If the final few minutes of the win against Brighton (2-0) gave rise to cautious optimism, a stoic victory away at Crystal Palace must be considered genuine progress.
A mere matter of a few short weeks ago, as the light went out on the Dean Smith era, Villa had adopted a confused and meek approach to games. Things were very different against a Crystal Palace side who have been improved and effective this term under new manager Patrick Viera.
The first half saw Villa impose a welcome and effective press upon their hosts. Palace struggled to cope, as Villa tested their resolve across the pitch, limiting their time on the ball. Such was the impact of this, Palace appeared disorganised and hasty in their passing, allowing Villa to grow in confidence.
The opener came at around the quarter hour mark. Matt Targett, reprogrammed it seems in his last 180 minutes, did well to control a Villa corner, before firing a low effort into the net. It was a cool finish from the full-back, whose demeanor and confidence were in desperate need of a boost.
Villa made chances too. John McGinn resembled more of the player who stands out for Scotland at international level. The former Hibs man was excellent and unlucky as well, seeing a fine effort curl just past the post as well as a cross almost turned into Palace’s own net.

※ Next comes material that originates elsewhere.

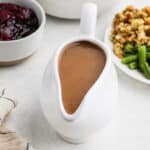 A white gravy boat filled with rich, brown gluten-free gravy sits on a table, surrounded by a bowl of cranberry sauce and a plate of mixed vegetables and stuffing. The light background complements the scene, while a folded napkin is partially visible, hinting at the awaiting turkey feast.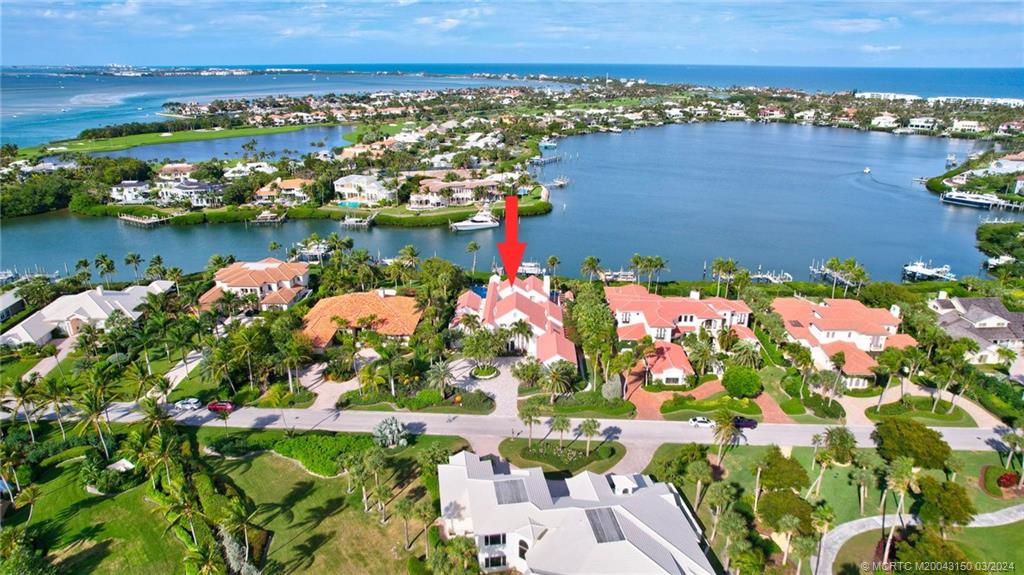 6996 Southeast Harbor Circle Stuart, FL 34996 - Photo 4 of 73 an aerial view of a houses with a lake view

There were two possible penalty shouts for Watkins also. The first looked soft, but a second was waved away without much thought by a referee appearing out of his depth for much of the encounter.
The second period produced an inevitable response from the home size. The return of Eze after a long absence suggested that the familiar script might play out as Palace grew into the game.
A heart-stopping moment came as Douglas Luiz, barely on the pitch for a few minutes was show a hasty red for a 50/50 challenge. A VAR review showed little of note, with the referee choosing to react the the Brazilian’s high boot rather than the tackle itself. For good measure, and to guarantee a rise in blood pressure, the official showed the red once more, before brandishing a yellow instead.
The winner came courtesy of a sublime counter.
Buendia was the magician, swifly moving the ball before receiving it back. The Argentine playmaker then fooled everyone, cutting a perfect ball into the path of El Ghazi. El Ghazi steadied, before rolling a ball to the feet of the Scot, who curled a fine finish beyond the helpless ‘keeper.
Palace were afford a late consolation to ensure our attention into the depths of injury time, but the history books will only record this as a deserved Villa victory at Selhurst Park.